Even as I ironed it, I was looking on my shelves to see if I missed something else I could use.  Then I started to pick up and put away the fabric that was on my floor.  It was a new batch that someone had recently sent me (the gold sheet was a part of it), it had belonged to her mother.  I  had looked at and washed all the fabric, but I wasn’t really familiar with it.  And as  I started to put it away, I found the right piece of fabric for the back of “Safe in the Woods”.

It wasn’t the deep green that I envisioned, but it had a richness  and warmth to it that worked.  And the fabric has a comforting weight to it.

I didn’t have quite enough, so I added the patterned piece of brown, which was exactly the right size.

Now I’ll start tacking it with a deep green wool.

“Safe in the Woods” is sold.

Morning at Bedlam Farm, Gus in the Pasture

July 19th, 2017

“Okay” I said to Jon, “but I can’t look.”

I  trust Jon and I think it’s true when he says that Gus should be off the leash in the barnyard and pasture.   That he needs to figure out how to navigate that part of his world.

But as he wrote on his blog yesterday, I have a hard time with it.

I get nervous seeing him around the big animals.  The last thing I want is for him to sense that nervousness in me.  And he will if I’m constantly picking him up or bending down to try and “protect” him.

This is just something I’m not good at.  But Jon is, so I’ve handed it over to him.

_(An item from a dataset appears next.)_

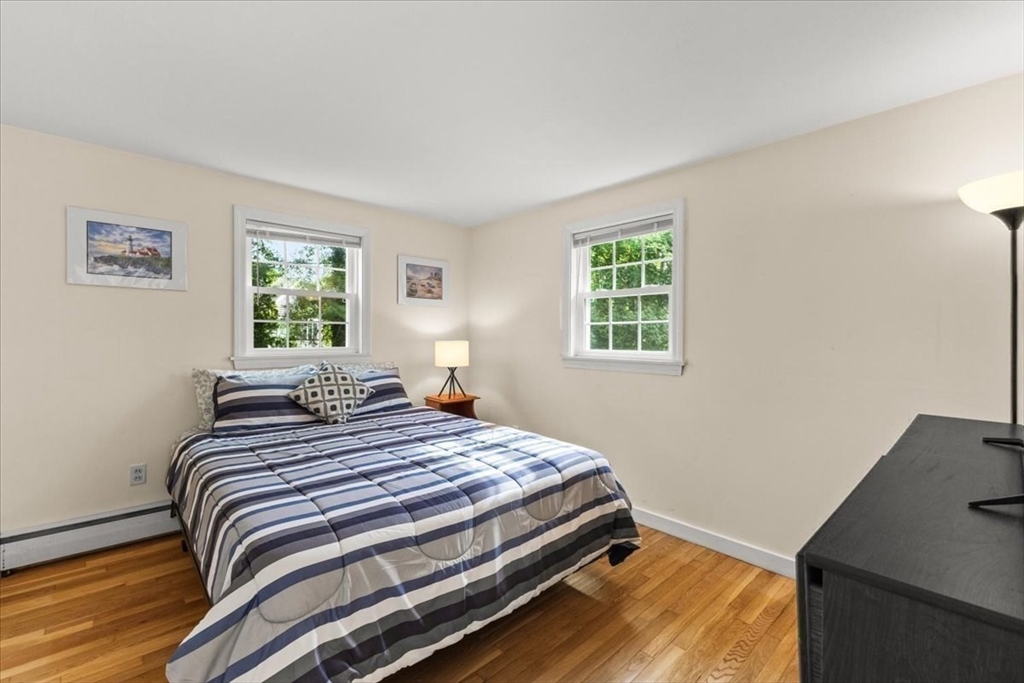 85 Maple Street Bourne, MA 02532 - Photo 24 of 42 a bedroom with a bed and a window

This is where  trust comes in.  If I didn’t trust Jon, this could be an issue between us.  But I believe he’s right about it.  Jon’s  good at knowing the difference between when Gus is really in danger or not.

And Gus needs to learn that too.

In many ways, Jon’s better at reading animals than I am.  In situations like this, my fear and protective instincts take over, often blinding me from what’s really going on.

There’s  a difference between Fanny putting her head down to smell Gus and putting her head down to chase him out of the pasture.   When I’m nervous, I’m not always good at distinguishing between the two.

In a way it’s like teaching your kid how to drive, some people are good at it and some people aren’t.  So you want the parent who doesn’t rattle easily doing it.

Today I could see that Gus was figuring it out and the other animals are getting used to him.

I watched the donkeys treat Gus like any of the other animals.  They basically showed little interest.  Which is a good thing.  And I saw how Gus hugs the barn wall or stays close to me or Jon.  How he keeps away from the sheep and won’t go in the pole barn.

These are all signs that he’s learning to do just what Jon says he needs to do.

Sometimes, training a dog, is  about stepping back and getting out of the way.


This Year’s Three Sister’s Garden

July 18th, 2017

We’ve had so much rain this year, my Three Sister’s Garden is thriving.

I put Ed Gulley’s Turtle Sculpture in the garden where some of the vegetable didn’t grow.   I was thinking of the Native American story of the how the earth was created on turtles back.

Some of the corn is taller than others and some didn’t come up at all.

There are only a few bean plants but the squash is doing well this year.  Last year was a bad one for squash, but  I can already see a few small squash on the stems.   And the three sunflowers that reseeded themselves are getting big too.

A Sweater Made From Bedlam Farm Wool

July 18th, 2017

Baby sweater made from Bedlam Farm wool

On Sunday Jon and I took the wool to Deb at the Vermont Fiber Mill.  This time we took Gus with us, he slept all the way there and all the way back.

Like last year, I mixed the Border Leicester and Cheviot wool with the Romney wool.

I tried to match the colors mixing Suzy with Griselle’s, Liam with Rosemary’s, Socks with Biddy, and Pumpkins with Izzy’s.  I also I did something different in mixing Zelda’s Cheviot wool with Kim’s Karakul wool together.   I’ll get those in roving bumps and the rest in yarn.

The baby sweater in the picture above was made with Bedlam Farm wool.   The woman who made it for her grandchild, said the wool was a pleasure to work with.  I find the sweater just beautiful.

I’ll be getting the wool back from the mill in October.  Hopefully in time for the Bedlam Farm Open House.   But I’ll be selling it here on my blog too.

The wool packed in the car to take to the mill.